What to work on:
In the entries below, find every line with the string "Antibody" and copy it.

═══ Dataset content

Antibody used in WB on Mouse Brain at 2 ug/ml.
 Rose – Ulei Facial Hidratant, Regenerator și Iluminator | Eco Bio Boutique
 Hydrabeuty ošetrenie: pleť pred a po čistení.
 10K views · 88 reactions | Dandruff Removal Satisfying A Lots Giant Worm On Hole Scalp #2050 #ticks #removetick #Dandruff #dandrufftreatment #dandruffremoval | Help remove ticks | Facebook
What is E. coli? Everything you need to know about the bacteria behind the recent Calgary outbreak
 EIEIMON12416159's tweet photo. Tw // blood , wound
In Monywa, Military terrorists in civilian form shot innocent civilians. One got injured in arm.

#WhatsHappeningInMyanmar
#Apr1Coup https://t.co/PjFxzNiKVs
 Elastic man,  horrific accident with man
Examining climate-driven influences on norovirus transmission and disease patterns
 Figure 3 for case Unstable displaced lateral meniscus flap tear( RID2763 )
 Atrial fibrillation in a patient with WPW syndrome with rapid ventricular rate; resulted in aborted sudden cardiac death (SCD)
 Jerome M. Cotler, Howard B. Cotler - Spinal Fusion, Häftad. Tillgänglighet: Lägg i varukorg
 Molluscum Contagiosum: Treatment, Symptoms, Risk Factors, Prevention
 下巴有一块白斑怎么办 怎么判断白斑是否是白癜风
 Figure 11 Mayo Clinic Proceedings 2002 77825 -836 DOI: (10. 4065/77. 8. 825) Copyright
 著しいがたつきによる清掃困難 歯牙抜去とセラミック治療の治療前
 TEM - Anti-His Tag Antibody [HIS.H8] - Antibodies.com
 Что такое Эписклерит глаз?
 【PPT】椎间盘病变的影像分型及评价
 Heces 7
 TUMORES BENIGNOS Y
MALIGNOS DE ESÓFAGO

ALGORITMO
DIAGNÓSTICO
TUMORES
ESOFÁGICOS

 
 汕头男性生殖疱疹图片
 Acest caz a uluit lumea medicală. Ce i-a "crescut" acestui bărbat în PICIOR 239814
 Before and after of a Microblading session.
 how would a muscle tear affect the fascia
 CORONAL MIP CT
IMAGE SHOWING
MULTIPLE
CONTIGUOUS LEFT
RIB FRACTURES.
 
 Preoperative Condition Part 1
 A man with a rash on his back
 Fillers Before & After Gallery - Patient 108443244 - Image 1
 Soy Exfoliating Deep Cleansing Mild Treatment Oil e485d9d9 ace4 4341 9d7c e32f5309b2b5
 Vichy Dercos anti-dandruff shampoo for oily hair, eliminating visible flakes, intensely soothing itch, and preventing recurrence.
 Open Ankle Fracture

══════

Response area:
Antibody used in WB on Mouse Brain at 2 ug/ml.
 TEM - Anti-His Tag Antibody [HIS.H8] - Antibodies.com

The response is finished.